Requirement | Would you write out the entries that follow word for word, omitting any images?

++++ Supplied data

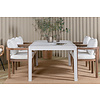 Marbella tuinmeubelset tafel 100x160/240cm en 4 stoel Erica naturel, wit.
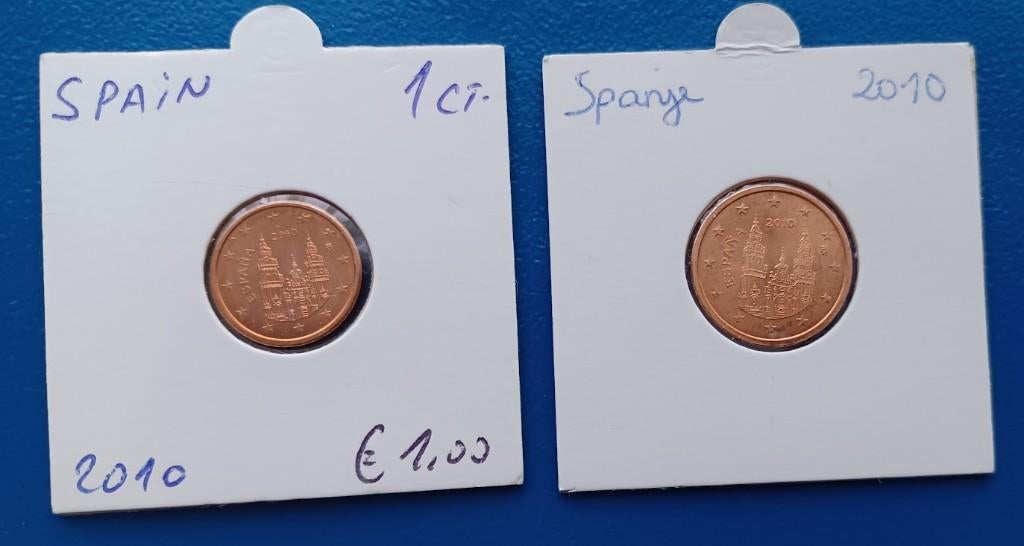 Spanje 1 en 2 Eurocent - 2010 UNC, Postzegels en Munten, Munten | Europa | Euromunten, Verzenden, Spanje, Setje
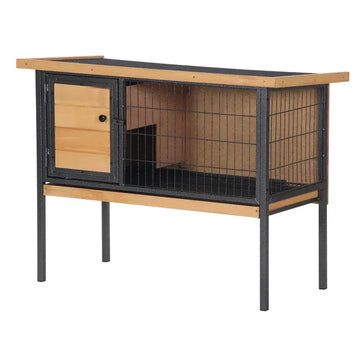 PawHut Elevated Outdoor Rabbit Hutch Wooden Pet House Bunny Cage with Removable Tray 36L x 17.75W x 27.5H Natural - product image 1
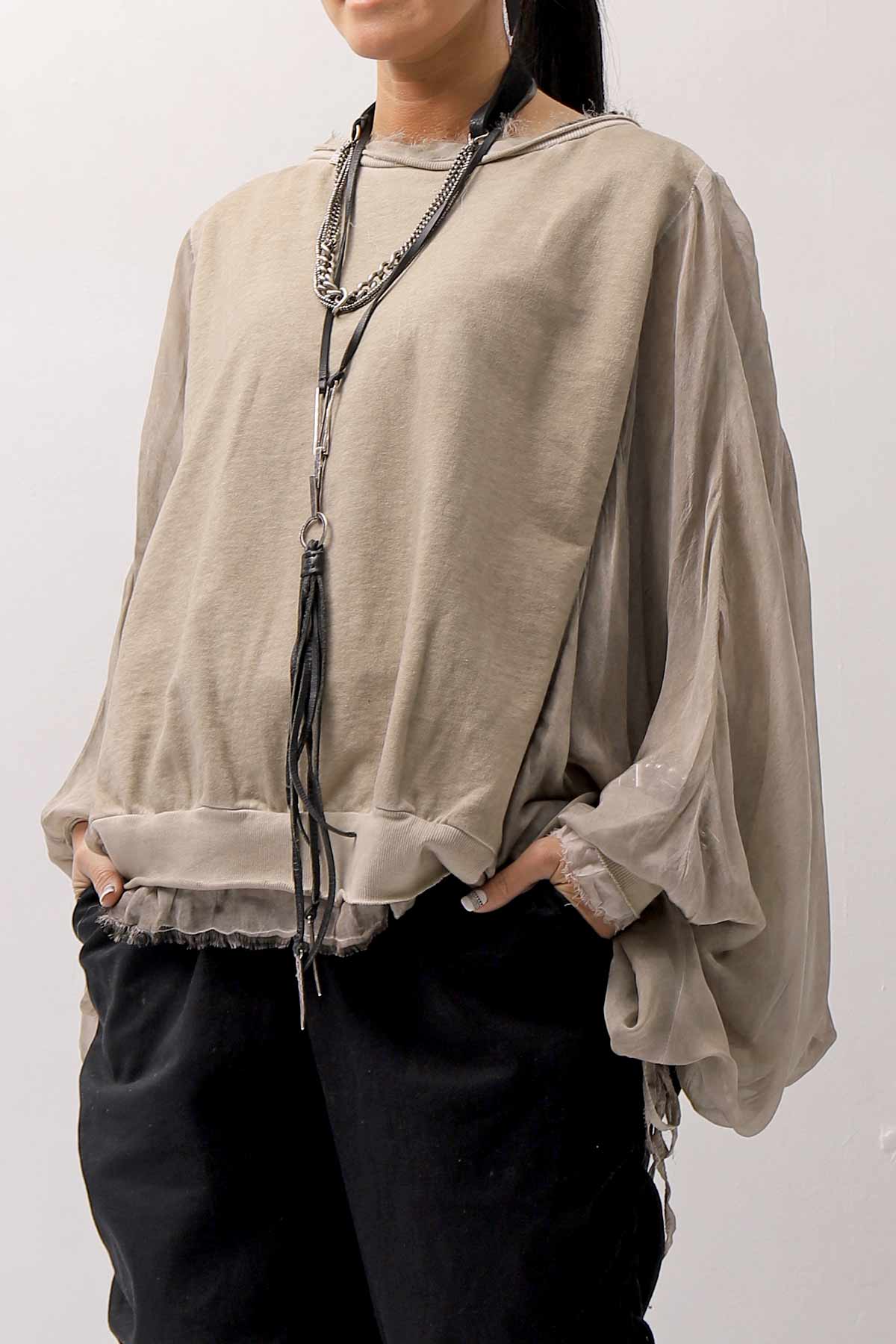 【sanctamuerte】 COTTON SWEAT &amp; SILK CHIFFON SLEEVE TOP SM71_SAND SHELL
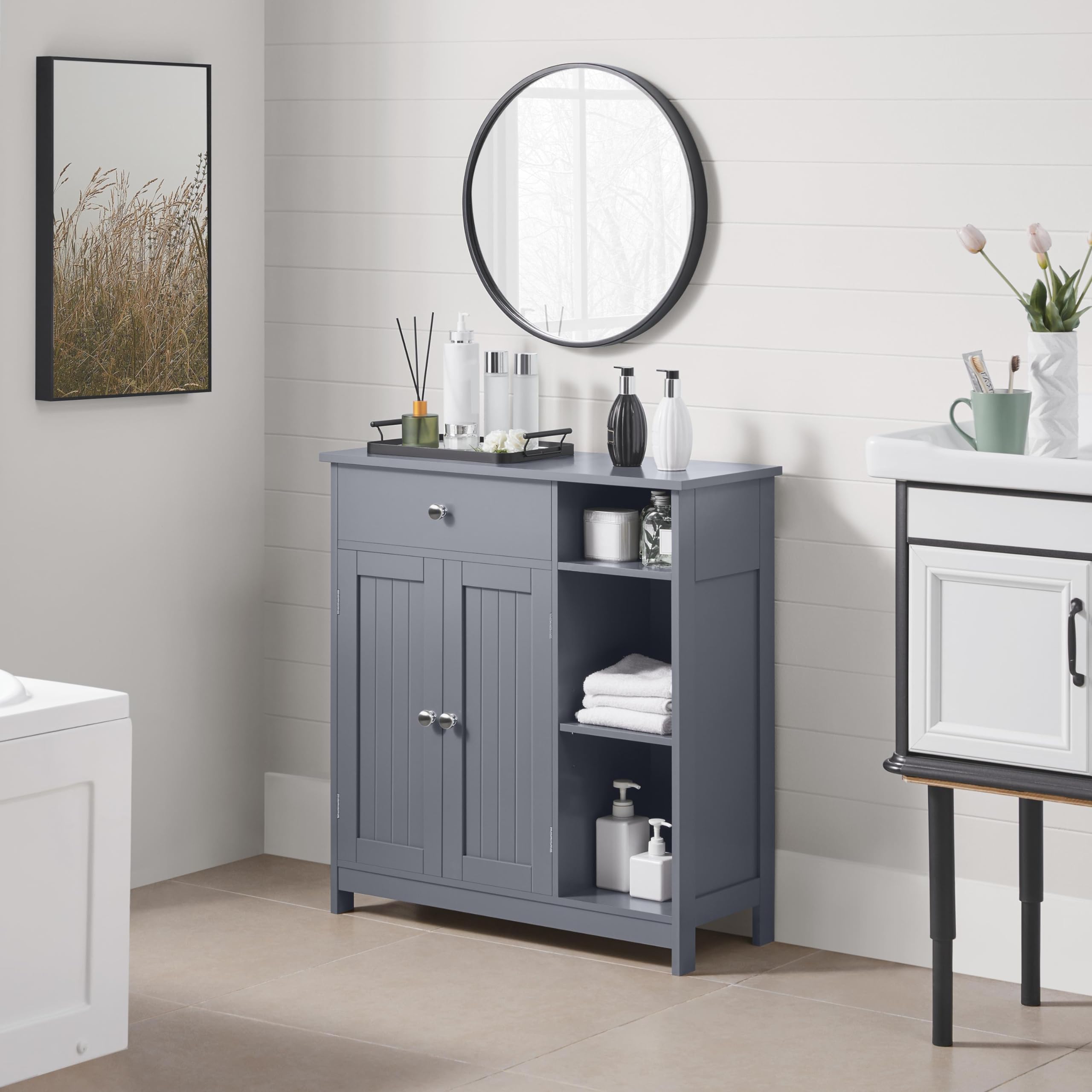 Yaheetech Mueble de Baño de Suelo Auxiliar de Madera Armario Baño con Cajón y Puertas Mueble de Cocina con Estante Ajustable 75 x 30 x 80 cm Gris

++++++++

Exercise output |
 Marbella tuinmeubelset tafel 100x160/240cm en 4 stoel Erica naturel, wit.
 Spanje 1 en 2 Eurocent - 2010 UNC, Postzegels en Munten, Munten | Europa | Euromunten, Verzenden, Spanje, Setje
 PawHut Elevated Outdoor Rabbit Hutch Wooden Pet House Bunny Cage with Removable Tray 36L x 17.75W x 27.5H Natural - product image 1
 【sanctamuerte】 COTTON SWEAT &amp; SILK CHIFFON SLEEVE TOP SM71_SAND SHELL
 Yaheetech Mueble de Baño de Suelo Auxiliar de Madera Armario Baño con Cajón y Puertas Mueble de Cocina con Estante Ajustable 75 x 30 x 80 cm Gris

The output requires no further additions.